◆ **WHAT IS NEEDED**: Exact copies of the lines from the one holding "Three men smiling" through the last line of the entries below are to be printed, with pictures omitted.

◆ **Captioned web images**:

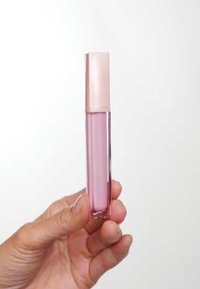 Transluzentes, rosafarbenes Lipgloss in einer hohen, rechteckigen Tube mit einem hellrosafarbenen Deckel. Glatte Textur, gehalten in einer Hand vor einem schlichten Hintergrund.
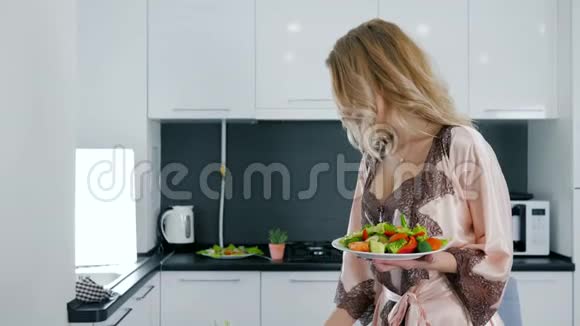 早上好穿丝绸睡衣的快乐女人拿着蔬菜沙拉和玻璃杯里的水视频的预览图
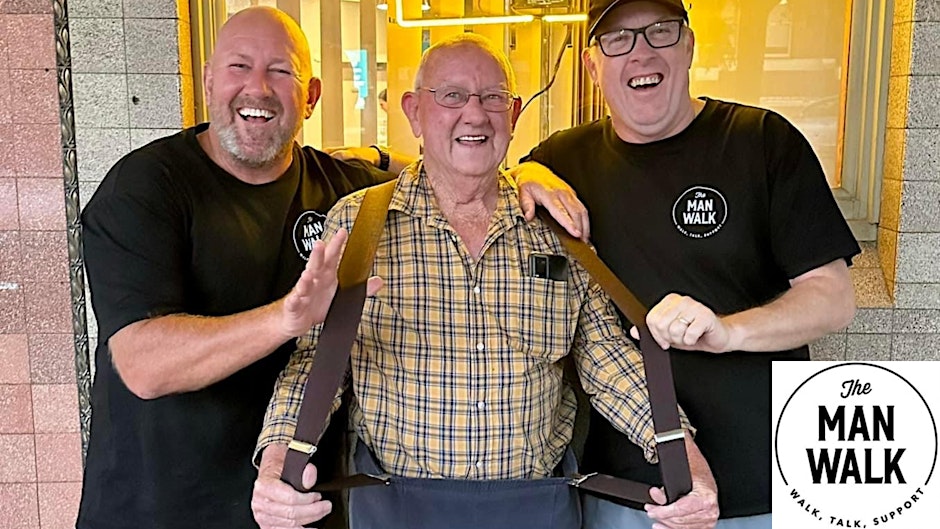 Three men smiling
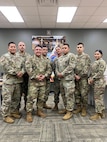 seven male Soldiers and one female Soldier in uniform poses in a classroom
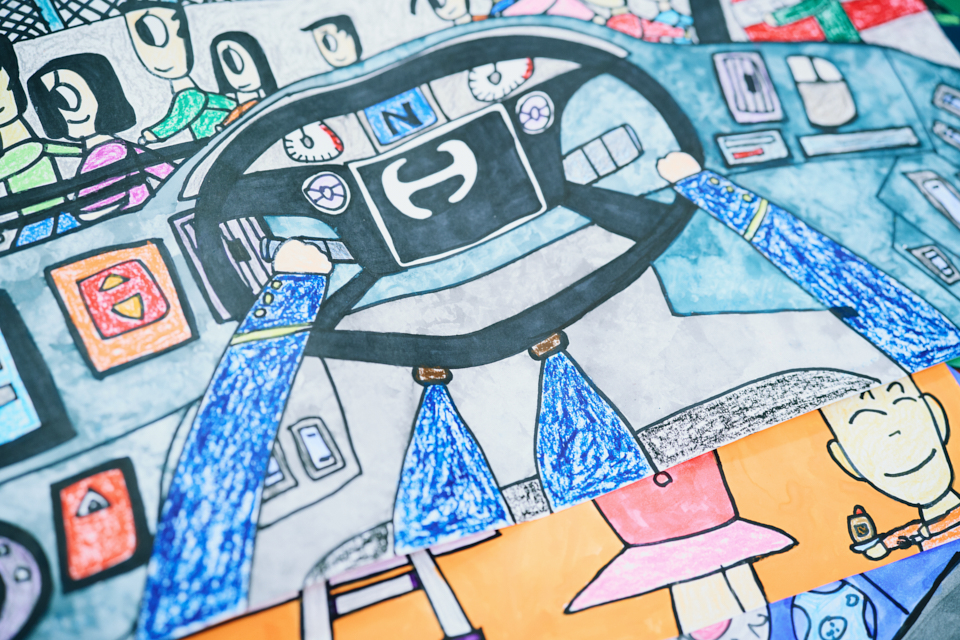 【写真】車を運転する様子を描いた絵。運転手の目線から見た構図になっており、ハンドルを握る手や自身の脚が描かれている。ハンドルのまわりにはスイッチやメーターがあらゆるところに付いており、フロントウィンドウの先には、道行く人の姿がある。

◆ **ANSWER FOR THIS EXERCISE**:
 Three men smiling
 seven male Soldiers and one female Soldier in uniform poses in a classroom
 【写真】車を運転する様子を描いた絵。運転手の目線から見た構図になっており、ハンドルを握る手や自身の脚が描かれている。ハンドルのまわりにはスイッチやメーターがあらゆるところに付いており、フロントウィンドウの先には、道行く人の姿がある。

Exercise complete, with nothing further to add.